What you have to do: Reproduce the material that follows, keeping every line exactly as it is.

Entries supplied:
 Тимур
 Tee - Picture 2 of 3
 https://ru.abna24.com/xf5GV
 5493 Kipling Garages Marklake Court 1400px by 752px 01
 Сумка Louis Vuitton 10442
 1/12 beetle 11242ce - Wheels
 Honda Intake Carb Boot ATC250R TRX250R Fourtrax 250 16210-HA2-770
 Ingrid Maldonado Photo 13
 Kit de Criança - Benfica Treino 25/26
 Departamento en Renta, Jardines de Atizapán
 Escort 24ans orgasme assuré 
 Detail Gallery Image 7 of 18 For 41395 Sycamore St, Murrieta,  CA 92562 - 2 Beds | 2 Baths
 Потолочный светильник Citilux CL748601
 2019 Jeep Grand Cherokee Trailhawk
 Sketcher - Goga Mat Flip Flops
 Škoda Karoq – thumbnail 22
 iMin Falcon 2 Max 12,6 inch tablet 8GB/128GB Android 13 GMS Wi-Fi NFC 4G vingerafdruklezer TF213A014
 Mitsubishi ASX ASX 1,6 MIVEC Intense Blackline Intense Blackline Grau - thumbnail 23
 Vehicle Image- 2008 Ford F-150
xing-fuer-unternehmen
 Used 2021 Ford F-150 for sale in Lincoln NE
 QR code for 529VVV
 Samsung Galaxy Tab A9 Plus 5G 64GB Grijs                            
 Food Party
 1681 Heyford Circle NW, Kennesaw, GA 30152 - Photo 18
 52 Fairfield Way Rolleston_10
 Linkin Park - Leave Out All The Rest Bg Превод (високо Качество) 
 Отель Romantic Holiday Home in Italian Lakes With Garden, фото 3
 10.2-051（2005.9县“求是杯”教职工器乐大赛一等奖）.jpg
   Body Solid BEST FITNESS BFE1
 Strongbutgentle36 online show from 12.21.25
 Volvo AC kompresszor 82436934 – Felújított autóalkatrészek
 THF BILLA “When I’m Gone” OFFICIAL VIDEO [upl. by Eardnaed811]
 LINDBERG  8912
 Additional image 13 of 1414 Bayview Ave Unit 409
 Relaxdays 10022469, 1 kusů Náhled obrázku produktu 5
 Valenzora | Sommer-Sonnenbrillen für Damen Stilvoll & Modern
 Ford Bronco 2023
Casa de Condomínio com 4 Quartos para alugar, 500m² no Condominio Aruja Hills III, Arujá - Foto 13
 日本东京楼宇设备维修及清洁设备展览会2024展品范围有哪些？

Answer for the task:
 Тимур
 Tee - Picture 2 of 3
 https://ru.abna24.com/xf5GV
 5493 Kipling Garages Marklake Court 1400px by 752px 01
 Сумка Louis Vuitton 10442
 1/12 beetle 11242ce - Wheels
 Honda Intake Carb Boot ATC250R TRX250R Fourtrax 250 16210-HA2-770
 Ingrid Maldonado Photo 13
 Kit de Criança - Benfica Treino 25/26
 Departamento en Renta, Jardines de Atizapán
 Escort 24ans orgasme assuré 
 Detail Gallery Image 7 of 18 For 41395 Sycamore St, Murrieta,  CA 92562 - 2 Beds | 2 Baths
 Потолочный светильник Citilux CL748601
 2019 Jeep Grand Cherokee Trailhawk
 Sketcher - Goga Mat Flip Flops
 Škoda Karoq – thumbnail 22
 iMin Falcon 2 Max 12,6 inch tablet 8GB/128GB Android 13 GMS Wi-Fi NFC 4G vingerafdruklezer TF213A014
 Mitsubishi ASX ASX 1,6 MIVEC Intense Blackline Intense Blackline Grau - thumbnail 23
 Vehicle Image- 2008 Ford F-150
xing-fuer-unternehmen
 Used 2021 Ford F-150 for sale in Lincoln NE
 QR code for 529VVV
 Samsung Galaxy Tab A9 Plus 5G 64GB Grijs                            
 Food Party
 1681 Heyford Circle NW, Kennesaw, GA 30152 - Photo 18
 52 Fairfield Way Rolleston_10
 Linkin Park - Leave Out All The Rest Bg Превод (високо Качество) 
 Отель Romantic Holiday Home in Italian Lakes With Garden, фото 3
 10.2-051（2005.9县“求是杯”教职工器乐大赛一等奖）.jpg
   Body Solid BEST FITNESS BFE1
 Strongbutgentle36 online show from 12.21.25
 Volvo AC kompresszor 82436934 – Felújított autóalkatrészek
 THF BILLA “When I’m Gone” OFFICIAL VIDEO [upl. by Eardnaed811]
 LINDBERG  8912
 Additional image 13 of 1414 Bayview Ave Unit 409
 Relaxdays 10022469, 1 kusů Náhled obrázku produktu 5
 Valenzora | Sommer-Sonnenbrillen für Damen Stilvoll & Modern
 Ford Bronco 2023
Casa de Condomínio com 4 Quartos para alugar, 500m² no Condominio Aruja Hills III, Arujá - Foto 13
 日本东京楼宇设备维修及清洁设备展览会2024展品范围有哪些？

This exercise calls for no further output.